→ **Dataset**
....................
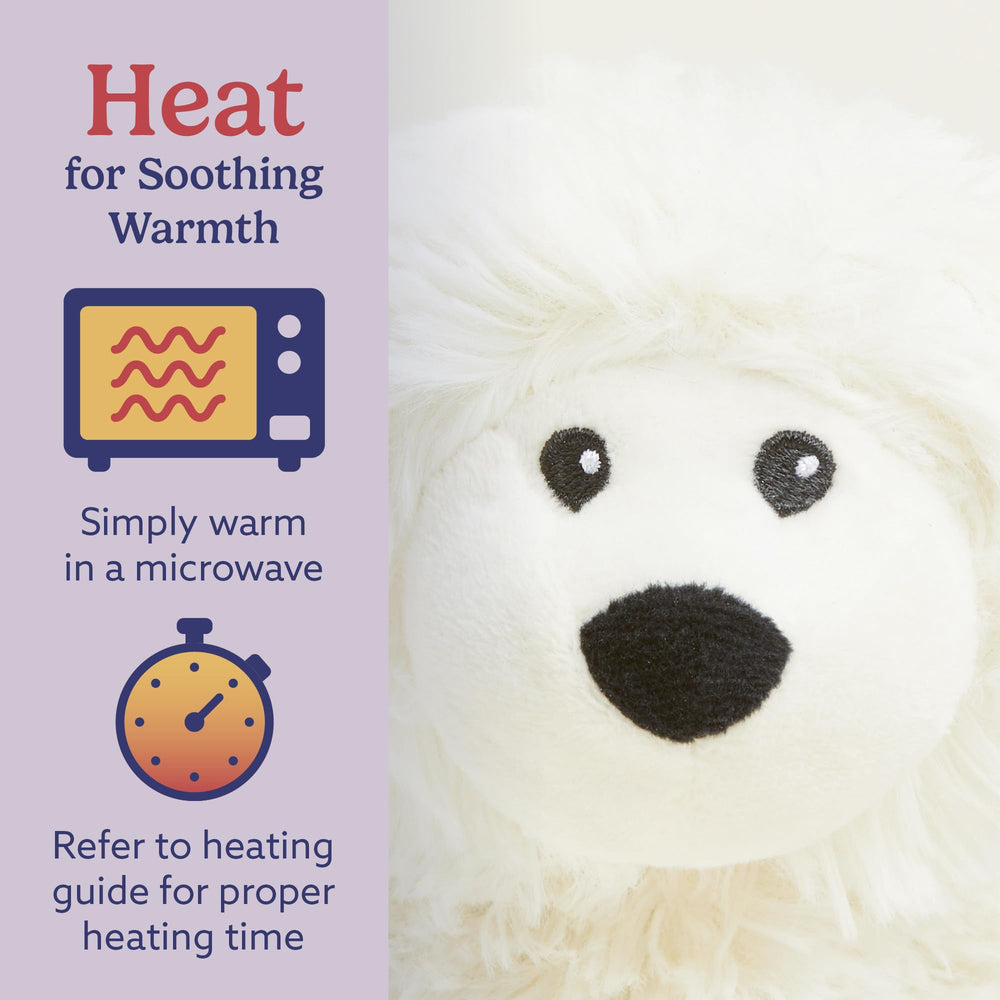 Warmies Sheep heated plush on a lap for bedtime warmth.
....................
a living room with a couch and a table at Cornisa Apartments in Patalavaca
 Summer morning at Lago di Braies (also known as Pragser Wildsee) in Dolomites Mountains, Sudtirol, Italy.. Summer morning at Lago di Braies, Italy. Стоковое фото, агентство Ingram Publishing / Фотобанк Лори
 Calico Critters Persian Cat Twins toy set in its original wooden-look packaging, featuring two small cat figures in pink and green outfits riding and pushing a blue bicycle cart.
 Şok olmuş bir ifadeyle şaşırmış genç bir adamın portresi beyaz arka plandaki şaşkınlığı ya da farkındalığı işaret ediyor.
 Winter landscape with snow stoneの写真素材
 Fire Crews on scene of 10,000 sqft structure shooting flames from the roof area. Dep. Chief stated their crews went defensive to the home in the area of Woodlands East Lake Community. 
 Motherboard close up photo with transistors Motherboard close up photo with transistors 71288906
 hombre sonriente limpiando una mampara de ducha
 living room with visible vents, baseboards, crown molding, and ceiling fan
....................
→ **Activity**
Repeat exactly the lines of the listing above, from the one with "Winter landscape with snow stoneの写真素材" down to the one with "living room with visible"; both of those lines belong in the range.

→ **Completed exercise**
 Winter landscape with snow stoneの写真素材
 Fire Crews on scene of 10,000 sqft structure shooting flames from the roof area. Dep. Chief stated their crews went defensive to the home in the area of Woodlands East Lake Community. 
 Motherboard close up photo with transistors Motherboard close up photo with transistors 71288906
 hombre sonriente limpiando una mampara de ducha
 living room with visible vents, baseboards, crown molding, and ceiling fan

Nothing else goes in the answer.